The principles all entail a refusal to comply with any governmental policy that calls Christians to step away from Christian teaching as it concerns the sanctity of life, or the sanctity of marriage, or the justice of religious liberty. The Manhattan Declaration closes with these words: "Because we honor justice and the common good, we will not comply with any edict that purports to compel our institutions to participate in abortions, embryo-destructive research, assisted suicide and euthanasia, or any other anti-life act; nor will we bend to any rule purporting to force us to bless immoral sexual partnerships, treat them as marriages or the equivalent, or refrain from proclaiming the truth, as we know it, about morality and immorality and marriage and the family. We will fully and ungrudgingly render to Caesar what is Caesar’s. But under no circumstances will we render to Caesar what is God’s."
I like the Manhattan Declaration for several reasons. One, it avoids the acidic spirit of the religious right. The religious right was ruled by an impulse that put them at odds with Christian theology, that being the impulse to insist that God wants America to be a safe place for Christians. The religious right renewed the patent on the notion that America is the new Israel of God. A notion that is patently unbiblical (the Church is the new Israel of God). Fortunately, the poor theology of the religious right can not be found in the Manhattan Declaration, nor in scripture for that matter. What is here is a call for Christians to ready themselves for faithfulness as the West prepares to take a plunge into moral chaos.
I also like the timeliness of the Declaration. It addresses a period of moral ignorance that is uniquely Western and recent. Of course neither the fall nor the curse is new, but the particular de-humanizing shape both are taking in this early century require careful exposure. "Have nothing to do with the fruitless deeds of darkness, but rather expose them," said the apostle Paul (Eph. 5:11). This seems to me a responsibility laid freshly at the feet (or upon the pen) of each new generation of those who "themselves were once darkness, but now are light in the Lord" (Eph 5:8). The exposing is first and foremost to benefit the Church. The Church, if she is repenting at all, is repenting not in abstract ways of no substance or consequence. No, if she is repenting for Christ's sake she is repenting of the specific ways in which she still clings to godless systems and godless principles and godless standards. Our repentance is not over with our baptism, it is just beginning. So I like how the Declaration holds me as a Christian complicit for the culture of death while simultaneously calling all men everywhere to repent. This reflects a graciousness and seriousness worthy of the Gospel of Jesus Christ. I like how the Declaration calls the Church and the world to repent in passages like this: "To strengthen families, we must stop glamorizing promiscuity and infidelity and restore among our people a sense of the profound beauty, mystery, and holiness of faithful marital love. We must reform ill-advised policies that contribute to the weakening of the institution of marriage, including the discredited idea of unilateral divorce."

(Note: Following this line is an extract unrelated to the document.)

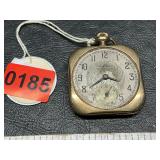 Fleet wood pocket watch Fleet wood pocket watch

And finally, I like the Manhattan Declaration because it broadens and deepens everything. Because I am a sinner, determined to justify myself at every opportunity, I tend to reduce evil. For example, a self-justifying conservative reduces evil to abortion, homosexuality and taxes. A self-justifying liberal reduces evil to intolerance, conservatives, and religion. The Manhattan Declaration does its best to broaden the present darkness to its full dimension as you can see from the passage just quoted above about marriage. Heterosexuals who practice serial monogamy trample the sanctity of marriage too. Pro-lifers who demand more and more cheap goods can trample the sanctity of life too. Such are two lessons for the careful reader of the Declaration.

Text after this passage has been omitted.